The hardware we have allocated for this project is as follows:

Dell R720xd w/ 24x 2.5” bays
RAM: 128GB RAM (more can be allocated if needed)
CPU: 2x E5-2620 @ 2.20GHz
Storage:
    8x2TB SSDs local storage
    1x500GB SSD for OS
RAID: H310 (IT Mode)

We were initially considering ZFS for this, but after some additional research it appears:

ZFS may thrash the SSDs when writing metadata updates.
ZFS has a high RAM requirement for deduplication (5GB RAM per 1TB of data). This should be doable on our current hardware though, it just seems like a lot of overhead.
RiserFS may be better suited for random lookup on small files (I can't seem to find what qualifies for a "small" file).

Any opinions on an optimal filesystem for this use case as well as any hardware tweaks would be much appreciated.

[1]

Example directory structure (none of the directories or filenames are normalized (sequential, etc) in any way)

+ root directory 1
    - sub directory 1
        - image 1
        - image 2
        - image 3
        - ...
        - image n (where n is between 1 and 1,000+)
    - sub directory 2
        - image 1
        - image 2
        - image 3
        - ...
        - image n
    ....
    - sub directory n (where n is between 1,000 and 30,000)
        - image 1
        - image 2
        - image 3
        - ...
        - image n
+ root directory 2
+ ...
+ root directory 15

Best Answer

Any filesystem (including lowly ext4 and slightly-less-lowly XFS) can meet the requirements you’ve listed, which are basically the ability to store lots of files and reasonable performance in a wide variety of use cases. My knowledge (and the interesting trade offs in this answer) is mainly about ZFS, so I’ll focus on that.

The additional abilities you would get from ZFS are:

Dedup. As you said, this is not super wonderful in ZFS because it has a heavy RAM requirement, but it does work. To get something similar on non-ZFS, you could hash your files and use the hashes as filenames / directory names, or keep a database of hash -> file name so you can make hard links. (In any of those cases you’d need to have exactly the same files, not just images that look the same).
Compression. Most images are already compressed so this might not buy you much, but if they’re RAW instead of JPEG, this could be a big savings. If not, this won’t buy you much.
Ability to snapshot / back up. ZFS has great built-in tools for this. You can back up non-ZFS too, although it might be hard to get a consistent snapshot of your data. LVM can do some of this, although arguably not as well.
Volume management is a part of ZFS. You can choose from a set of very flexible RAID configurations to get the optimal configuration of [data redundancy, space usage, performance] for your particular application. You can get some of this from LVM and other software RAID, but I believe ZFS has one of the best-designed solutions for volume management out there, combined with a well-designed system for failure detection and recovery.

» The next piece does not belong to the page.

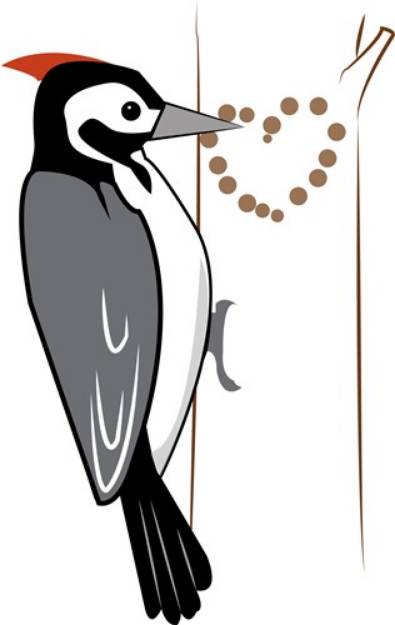 Picture of Woodpecker SVG File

Two other things you mentioned:

Thrashing metadata. I don’t think ZFS would be worse than other filesystems: it does update a fair amount of metadata during writes, but it’s copy on write and it does those updates in batches every 5-10 seconds, which means that large contiguous writes are happening instead of small in-place writes that require NAND blocks to be erased and rewritten many times. In a traditional filesystem you’ll end up with the other way because it will do in-place updates, which is probably slightly worse. At any rate, modern SSDs have a lot of extra blocks internally that they reserve to extend the life of the drive in the presence of wear — normal drive lifetimes are considered comparable to disk lifetimes. I’m not saying it doesn’t matter, I just don’t think you should fixate too much on this aspect since it’s pretty minor.
Hard link scalability. Should scale as well or better than normal files (in ZFS or not). Either way, a hard link is just a pointer to the same inode as some other file, and you’ll probably get a very small cache efficiency win since reading that file from one of the links will make it cached for accesses through the other links too.

Related Solutions

Storing a million images in the filesystem

I'd recommend using a regular file system instead of databases. Using file system is easier than a database, you can use normal tools to access files, file systems are designed for this kind of usage etc. NTFS should work just fine as a storage system.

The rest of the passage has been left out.